Christmas comes early

12 Nov

Today’s task was making this year’s Christmas cake. I meant to do it weeks ago but haven’t been able to dedicate four hours of my life to the kitchen until today.
Last year I used a Delia Smith recipe but this time I spotted one in the Asda magazine so thought I’d give it a go.
And, despite almost forgetting to add the flour and somehow accidentally stopping my timer halfway through, leaving me to guess when it was ready, it looks pretty good – albeit slightly darker than the cake in the photograph!

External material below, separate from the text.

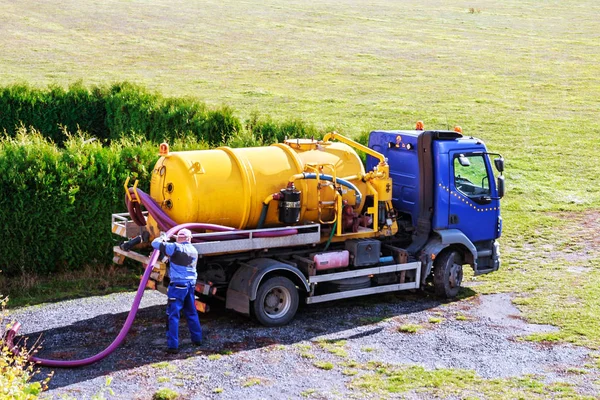 Lağım tankı kamyonu. Kanalizasyon pompalama makinesi. Septik kamyon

In case you’re looking for a recipe, here’s the one I used:

-200g butter;
-200g dark brown soft sugar;
-1tbsp black treacle;
-4 medium eggs;
-100g glacé cherries;
-2tsp mixed spice;
-900g Whitworths fruit mix;
-finely grated zest of one lemon and one orange;
-225g plain flour, sifted;
-50g ground almonds;
-50g flakes almonds (although I decided not to use these);
-50ml rum or brandy (I chose brandy, French to be precise!)

1. Preheat oven to 150C and line a 24cm round deep cake tin with treble-thickness baking paper.
2. In a large bowl, beat sugar, treacle and butter until soft.

3. Gradually beat in eggs then quarter the glacé cherries and add to the mixture along with mixed spice, mixed fruit and zest. Stir until combined.

4. Fold in the flour, almonds and rum/brandy then spoon mixture into cake tin and level off the surface.

5. Bake in centre of oven for 2 hours then reduce temperature to 140C and cook for another 1 hour 30 mins or until a skewer inserted into the centre comes out clean.
6. Leave to cool in the tin for an hour then turn out onto wire rack to cool completely.
7. When cool, prick the surface and spoon over 2tbsps rum/brandy. Repeat this step every 2 weeks until ready to ice.

8. Wrap tightly in greaseproof paper and foil and store in a cool, dry place for at least a week before icing or eating.